Compliance: LOOKS CLEAN — TTT trains on a held-out training-data slice, never touches val_tokens

What I found in the code (head SHA from PR #1554, file records/track_non_record_16mb/2026-04-11_UniversalTransformer_LegalTTT/train_gpt.py):

The ttt_adapt() function (line 1198) takes train_slice_tokens — a tensor loaded from the tail of the last fineweb_train_*.bin shard (lines 1778–1787). This slice:

  • Was not used during main training (training only consumes the prefix up to iterations steps)
  • Is never part of fineweb_val_*.bin
  • Is never scored as part of val_bpb

The TTT loop (lines 1244–1274) runs multi-epoch AdamW on this training slice. Validation tokens are scored exactly once, after all training (including TTT) is complete, at line 1862 via eval_val_sliding() under torch.inference_mode().

This is cleanly legal.
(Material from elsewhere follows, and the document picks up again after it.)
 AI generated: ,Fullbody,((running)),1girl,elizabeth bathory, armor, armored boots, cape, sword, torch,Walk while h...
The TTT gradient path never touches val_tokens. The val_bpb number comes from a single forward-only scoring pass on data the model was never adapted on. The Issue #402 / #677 rules are satisfied because val_tokens are never the subject of loss.backward() at any point.
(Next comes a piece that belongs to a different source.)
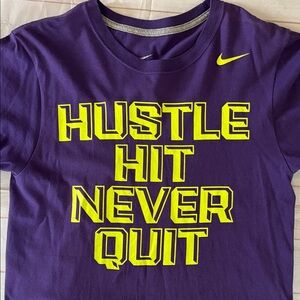 Nike Purple Shirt with Neon Green Text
One citation correction: the PR description and docstring reference PRs #1416 and #1423 as "legal Pre-Quant TTT" implementations. I need to correct my own earlier review on #1193 — I cited those same PRs as legal references, and I was wrong. At their current heads, #1416 and #1423 contain the ILLEGAL flat-epoch ttt_adapt_adamw on val_tokens (despite folder names saying "LegalTTT"). The confirmed legal TTT reference is PR #1413 (dexhunter), which uses the score-first-per-chunk pattern. I posted a correction on Issue #677 on 2026-04-11.

That said — your implementation doesn't need the score-first-per-chunk pattern at all, because you're not training on val_tokens in the first place. Training on a held-out training slice and then scoring val_tokens is just... regular training with a second fine-tuning phase. It's structurally the cleanest approach.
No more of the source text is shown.